## REQUIRED WORK
Each line of the records is to be returned verbatim, with the images omitted.

-*-

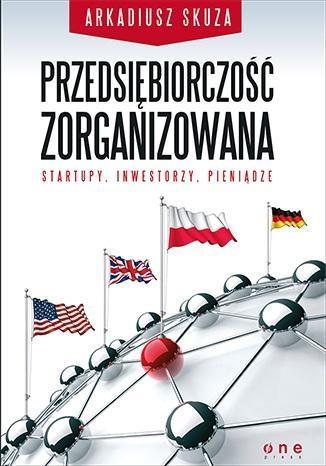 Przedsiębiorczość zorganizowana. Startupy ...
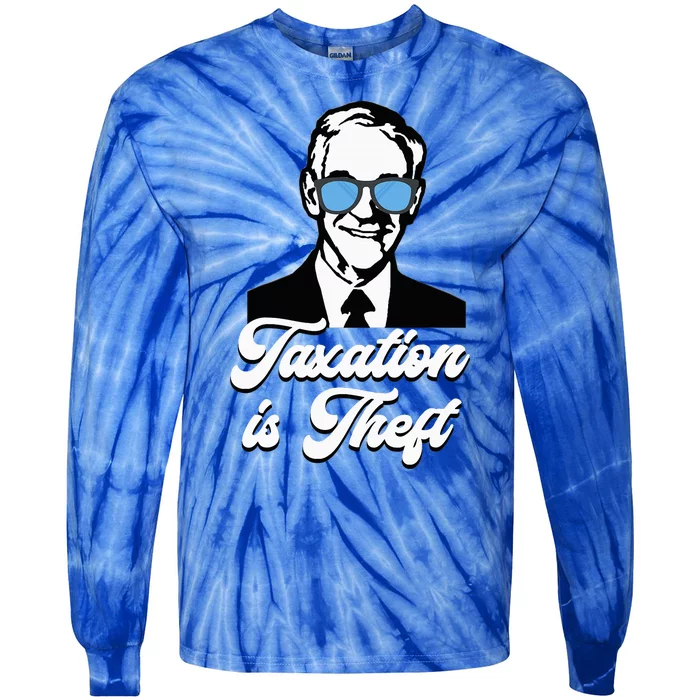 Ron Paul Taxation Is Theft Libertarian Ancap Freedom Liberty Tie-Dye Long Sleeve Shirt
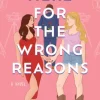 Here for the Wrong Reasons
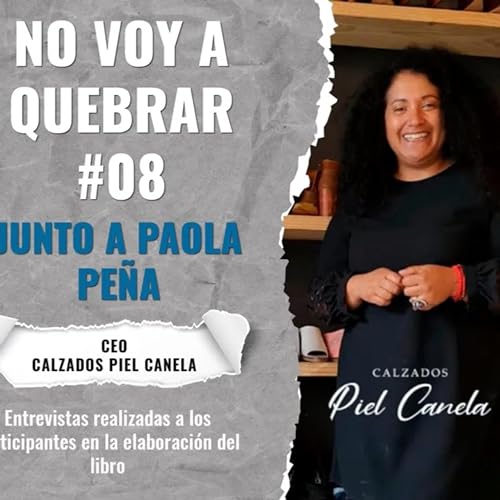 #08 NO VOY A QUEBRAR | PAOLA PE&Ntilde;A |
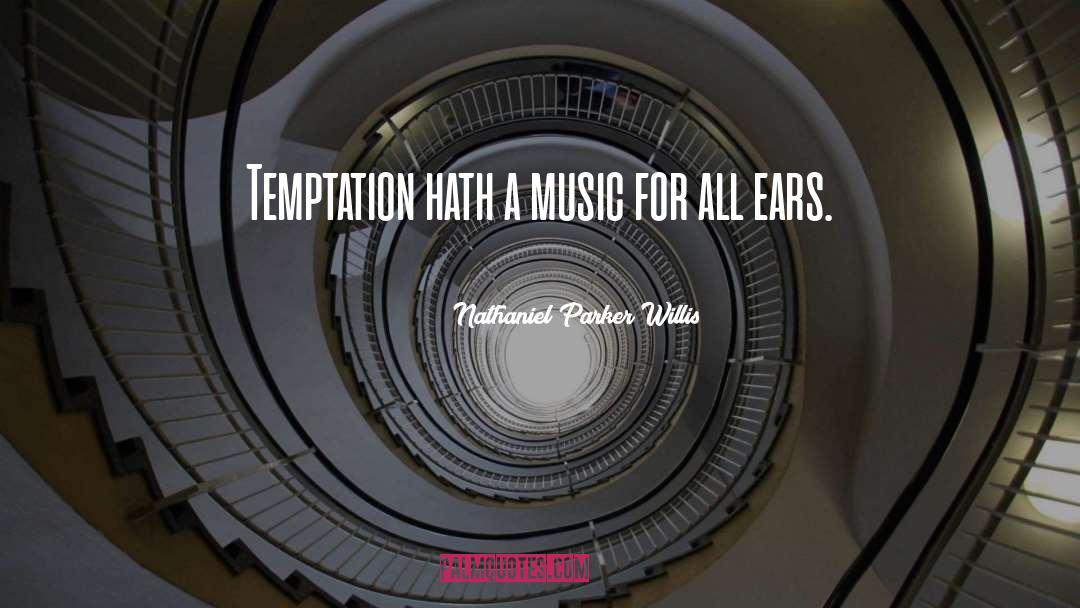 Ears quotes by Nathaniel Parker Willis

-*-

## ANSWER SPACE
 Przedsiębiorczość zorganizowana. Startupy ...
 Ron Paul Taxation Is Theft Libertarian Ancap Freedom Liberty Tie-Dye Long Sleeve Shirt
 Here for the Wrong Reasons
 #08 NO VOY A QUEBRAR | PAOLA PE&Ntilde;A |
 Ears quotes by Nathaniel Parker Willis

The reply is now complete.